**What is required**
Starting at the line that contains "贝鲁特国际机场登机大堂挤到人贴人。 X" and ending at the line that contains "Middle Eastern Tribal", the lines below are to be given again exactly, with nothing added.

[Recorded data]
- - -
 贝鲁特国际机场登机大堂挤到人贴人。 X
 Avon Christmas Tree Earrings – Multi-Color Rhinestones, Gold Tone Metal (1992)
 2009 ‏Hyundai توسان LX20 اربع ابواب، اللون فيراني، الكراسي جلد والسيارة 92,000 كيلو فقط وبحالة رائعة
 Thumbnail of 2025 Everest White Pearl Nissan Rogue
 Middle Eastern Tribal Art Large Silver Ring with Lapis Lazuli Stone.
- - -
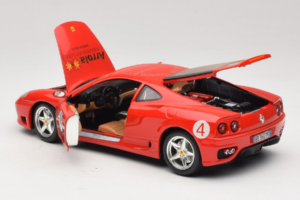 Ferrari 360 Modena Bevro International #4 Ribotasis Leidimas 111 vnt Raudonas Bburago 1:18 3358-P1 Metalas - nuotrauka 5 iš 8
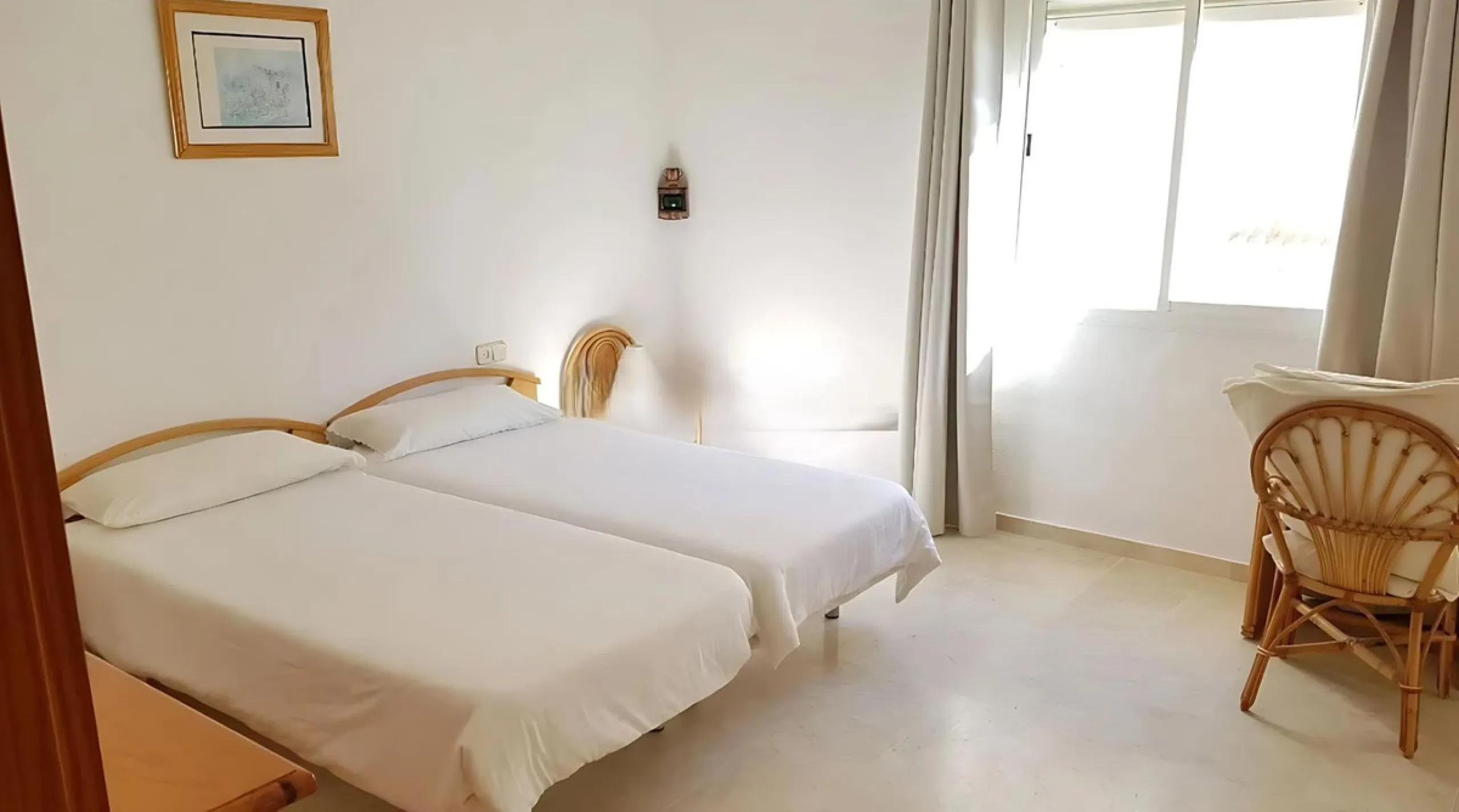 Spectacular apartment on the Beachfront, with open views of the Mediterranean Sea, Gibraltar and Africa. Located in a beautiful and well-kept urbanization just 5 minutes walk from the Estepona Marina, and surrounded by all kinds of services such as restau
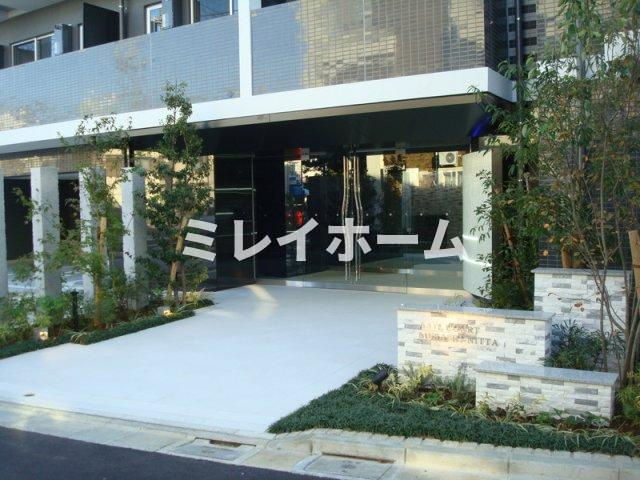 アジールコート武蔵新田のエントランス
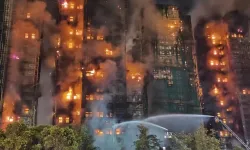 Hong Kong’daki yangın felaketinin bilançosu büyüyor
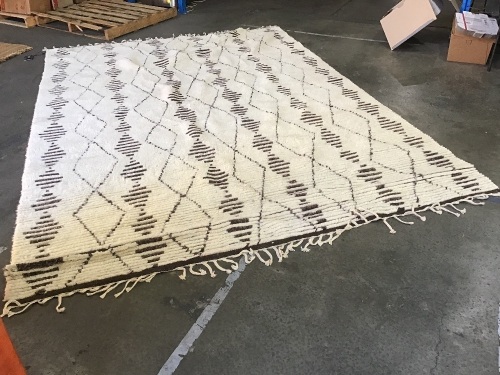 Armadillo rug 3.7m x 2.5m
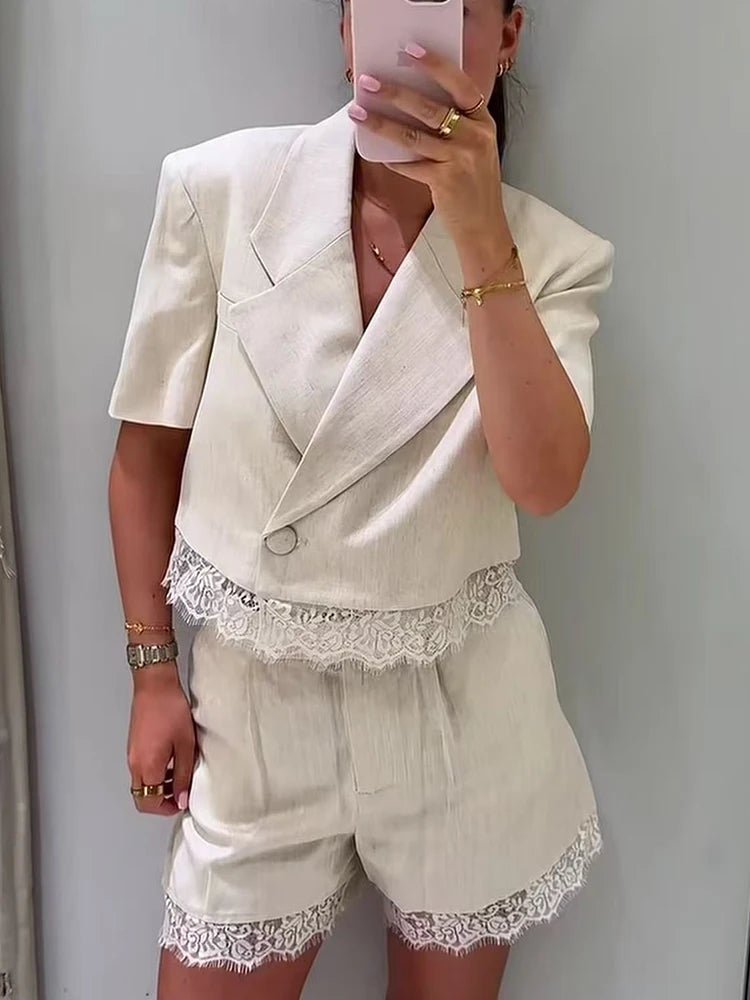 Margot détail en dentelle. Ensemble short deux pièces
- - -
**Problem solution**
 贝鲁特国际机场登机大堂挤到人贴人。 X
 Avon Christmas Tree Earrings – Multi-Color Rhinestones, Gold Tone Metal (1992)
 2009 ‏Hyundai توسان LX20 اربع ابواب، اللون فيراني، الكراسي جلد والسيارة 92,000 كيلو فقط وبحالة رائعة
 Thumbnail of 2025 Everest White Pearl Nissan Rogue
 Middle Eastern Tribal Art Large Silver Ring with Lapis Lazuli Stone.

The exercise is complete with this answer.